## 1. Introduction

A considerable amount of research is necessary to address the seasonal forecast issue. Can one provide useful guidance on whether during the coming season a given region will be wetter or drier, or warmer or colder than usual? Except for some dynamical modeling and empirical statistical studies on the seasonal guidance of ENSO scenarios, such forecasts have, in general, rather low skills. Our experience shows that multimodel superensemble skills, while better than those of a multimodel bias-removed ensemble, are still generally only slightly higher than those of climatology, except for some isolated seasonal case studies. That being the state of real-time seasonal climate forecasting, it is necessary to gradually improve not only the model's data assimilation, physics, resolution, surface parameterizations, and ocean–atmospheric coupling, but also the statistical postprocessing methods. This will at best occur slowly and a continual thrust is necessary. This paper is one such effort to improve the forecast skills of atmospheric general circulation models (AGCMs). We will show that the use of singular value decomposition (SVD) for multimodel superensemble seasonal forecasts provides an incremental improvement in forecast skills. Sometimes it is confusing to describe ensemble forecasting schemes because similar terms are used in the literature referring to different concepts. In this paper, we use the term multimodel superensemble in the sense of Krishnamurti et al. (1999).

Various ensemble methods have been used to reduce climate noise in model prediction, such as a lagged ensemble forecasting method introduced by Hoffman and Kalnay (1983), breeding techniques by Toth and Kalnay (1993), or a singular vector method by Buizza and Palmer (1995). Ensemble techniques are routinely used at operational weather forecasting centers (Molteni et al. 1996; Buizza et al. 1998; Toth and Kalnay 1997; Houtekamer et al. 1996; Stephenson and Doblas-Reyes 2000) and are also applied in longer-range climate studies (Brankovic and Palmer 1997; Zwiers 1996; Pavan and Doblas-Reyes 2000; Doblas-Reyes et al. 2000; Kharin and Zwiers 2002; Peng et al. 2002). A recent improvement in ensemble forecasting was the development of the multimodel superensemble approach. It has been shown that the multimodel superensemble forecasts are superior in skill not only to the individual member models, but also, more importantly, to the unbiased ensemble of member models (Krishnamurti et al. 1999, 2000, 2001). In this technique, the different model forecasts are statistically combined during a training phase, with the skill of each ensemble member factored into the superensemble forecast.
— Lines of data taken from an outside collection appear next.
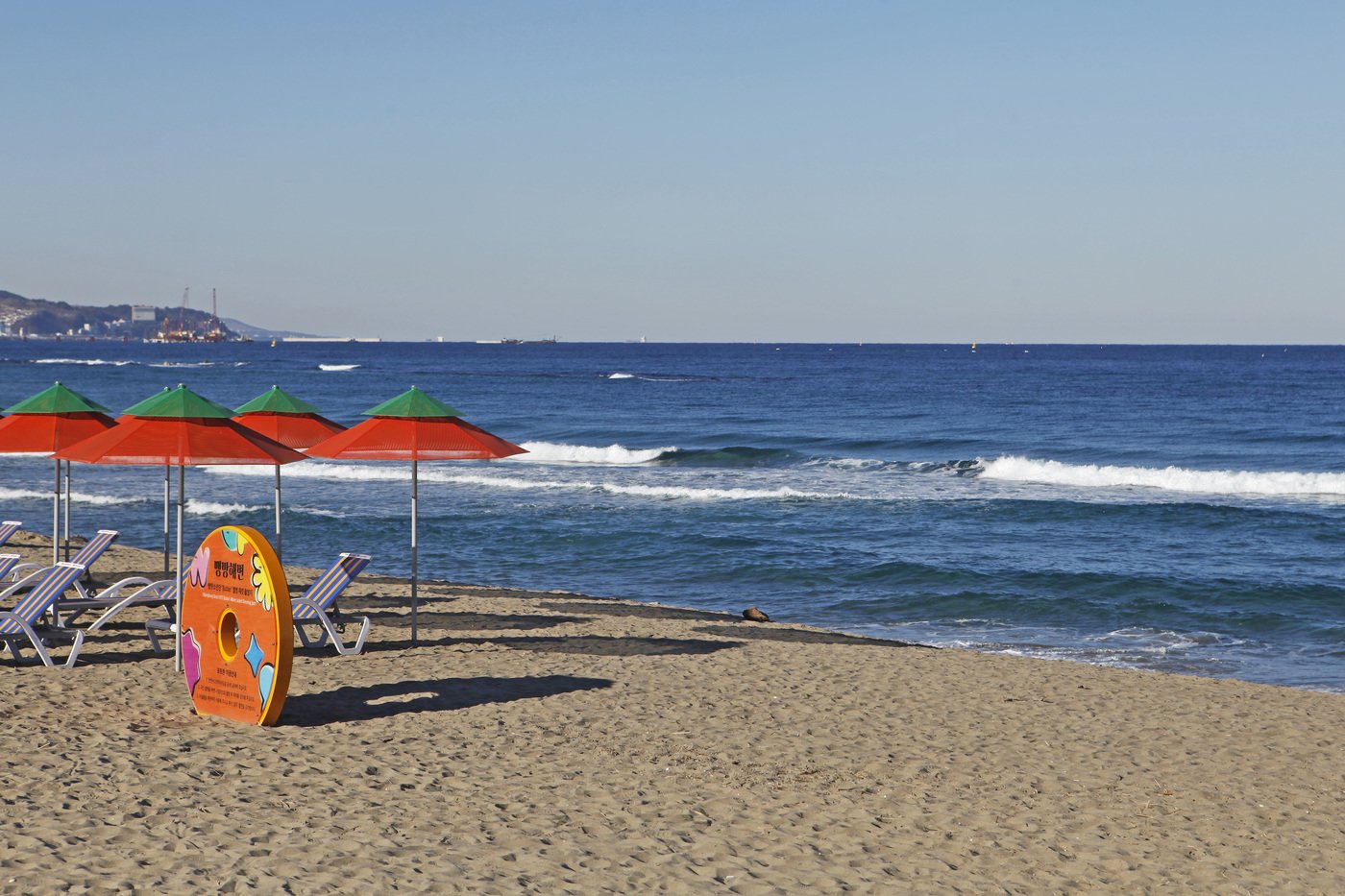 본문 이미지 - 제이홉이 &#39;합성&#39;같다 말한 맹방해변의 바다 빛깔&#40;한국관광공사 제공&#41;
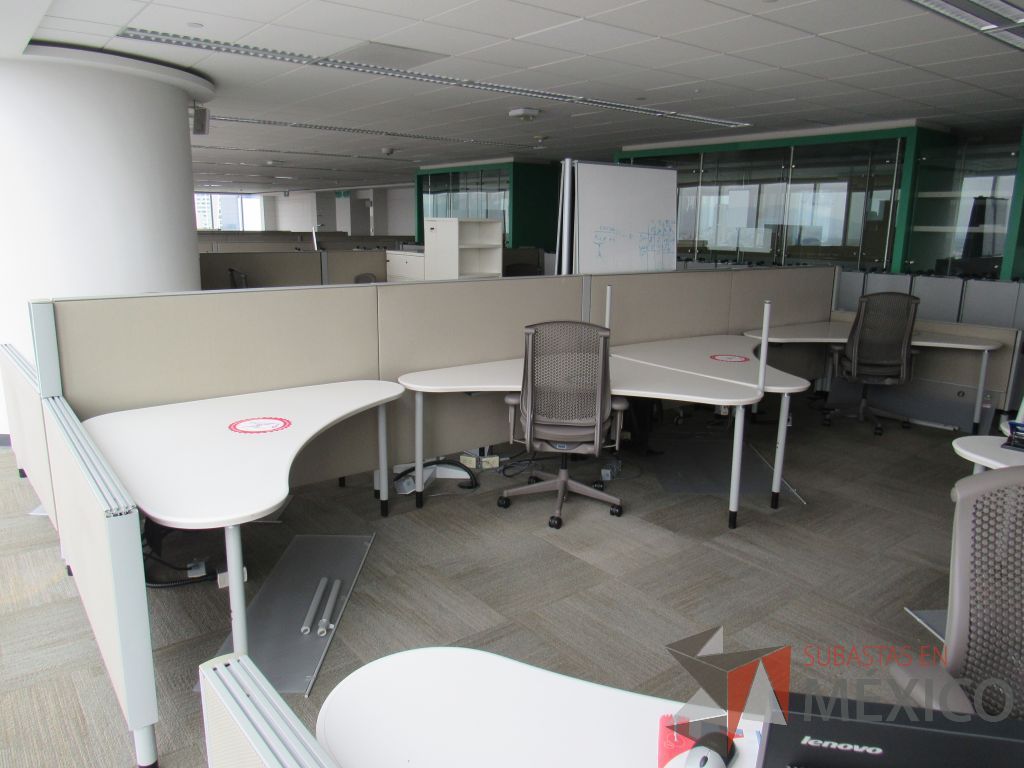 Lote 0326 - Estación de trabajo para 6 personas con cubiertas mampara metálica color beige y 6 archiveros móviles de 2 cajones - Imagen 12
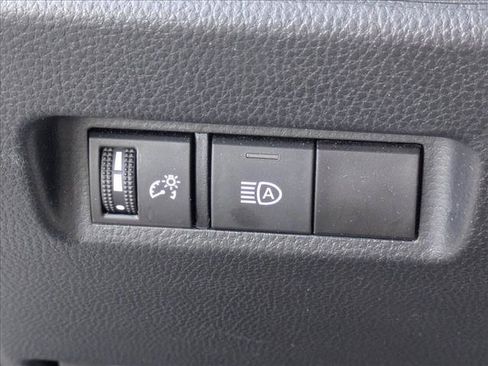 Used 2021 Toyota RAV4 XLE FWD image 12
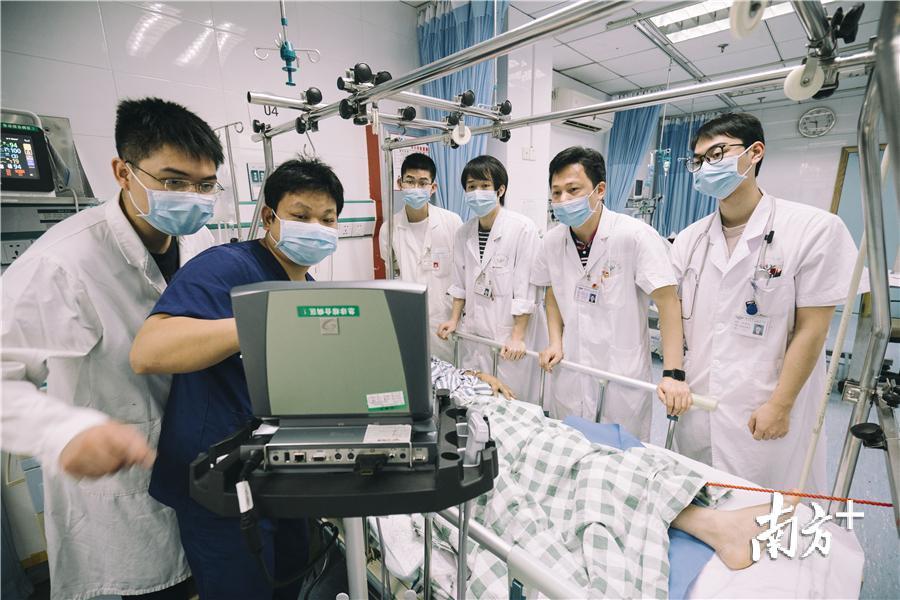 李王安(右二)和急救创伤团队成员问诊病人病情。 王昌辉 摄 李王安(右二)和急救创伤团队成员问诊病人病情。 王昌辉 摄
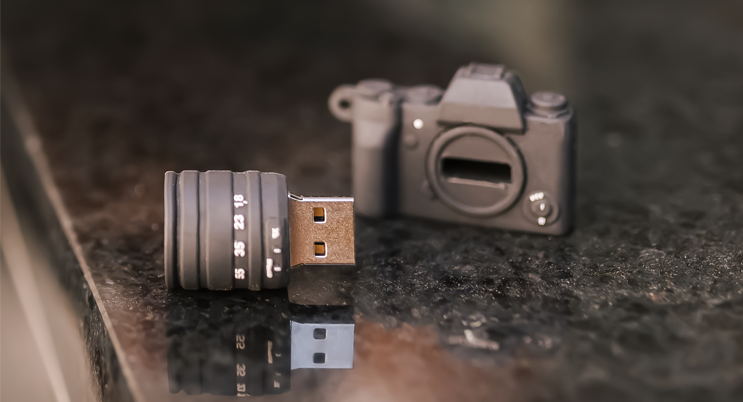 The best indication of a flash drive’s quality is the read and write speeds of the unit. This guide explains exactly what to search for in a memory stick.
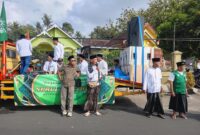 Ketua MWC NU, Kyai Imam Shodiq memberikan arahan kepada peserta pawai (Foto: Istimewa)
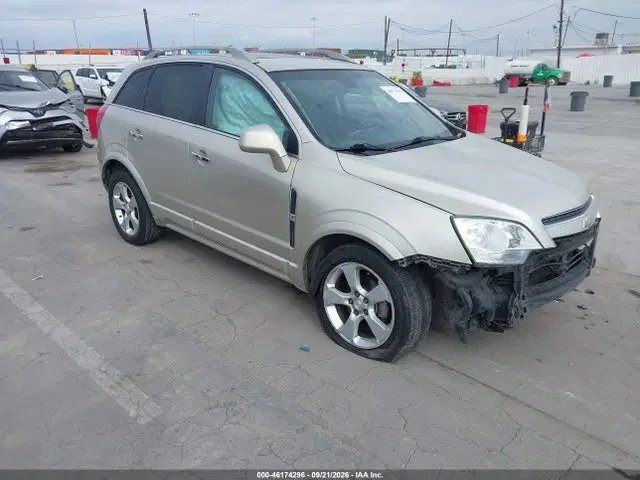3GNAL4EK6ES557855 — 2014 Chevrolet Captiva Sport LTZ, Передняя часть, фото до ремонта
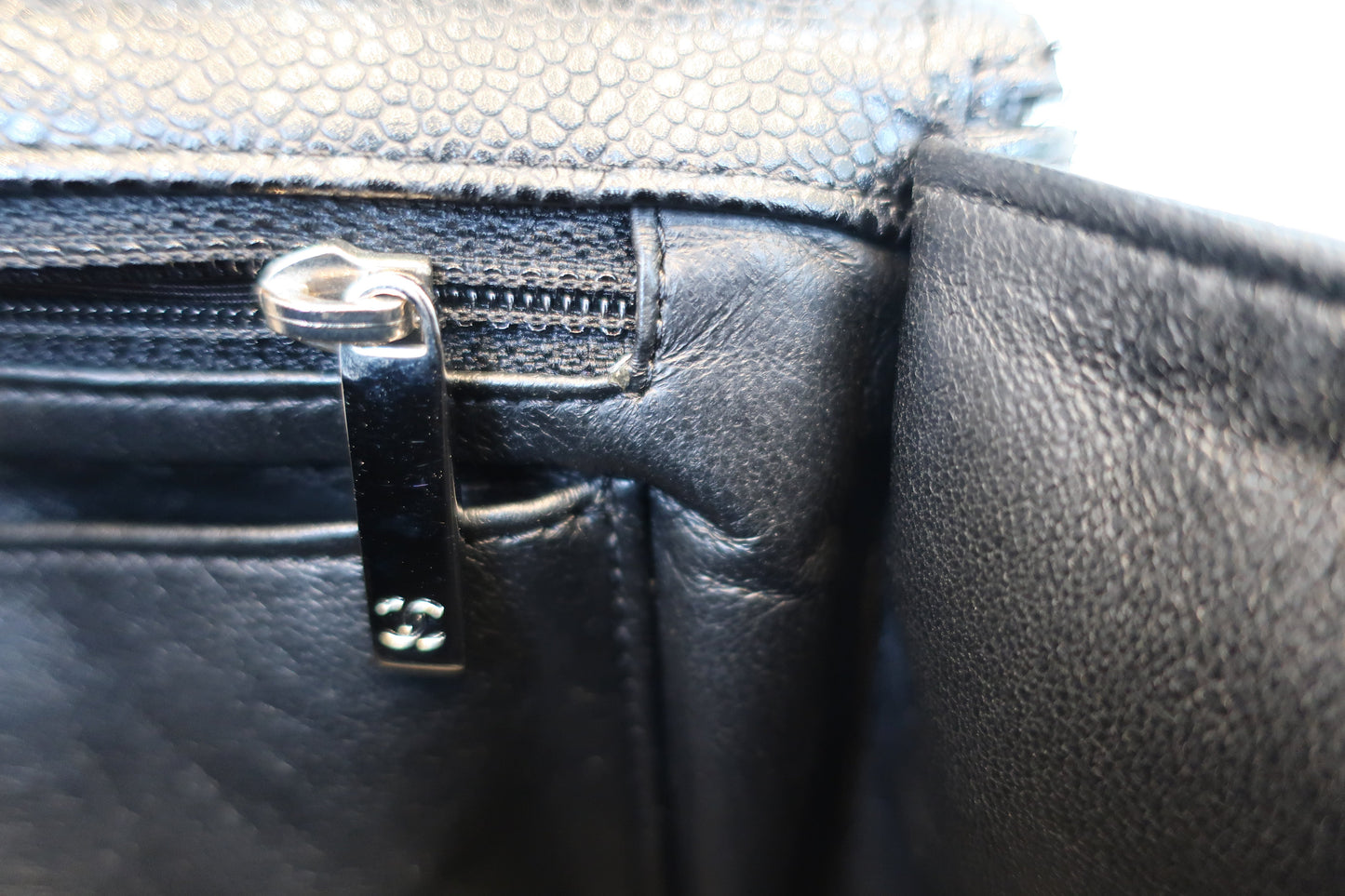 CHANEL/シャネル 中マトラッセシングルフラップチェーンショルダーバッグ キャビアスキン ブラック/シルバー金具 ショルダーバッグ 700070125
The forecast resulting from the projection of these solutions into a forecast phase has smaller root-mean-square (rms) errors than most conventional models and conventional ensemble techniques. Various studies have extensively discussed multiple linear regression approaches for seasonal predictions. Pavan and Doblas-Reyes (2000) combined seasonal forecasts from four different AGCMs and found minimal skill improvement. Kharin and Zwiers (2002) assessed different ways of constructing multimodel forecasts and found a disagreement with the results of Krishnamurti et al., in that their regression-improved multimodel forecast (i.e., the superensemble) performed worse than the multimodel ensemble. This discrepancy is due to the fact that in their calculations the seasonal mean is removed only after the regression coefficients are calculated, while in our case the seasonal mean is removed prior to the calculation of regression coefficients.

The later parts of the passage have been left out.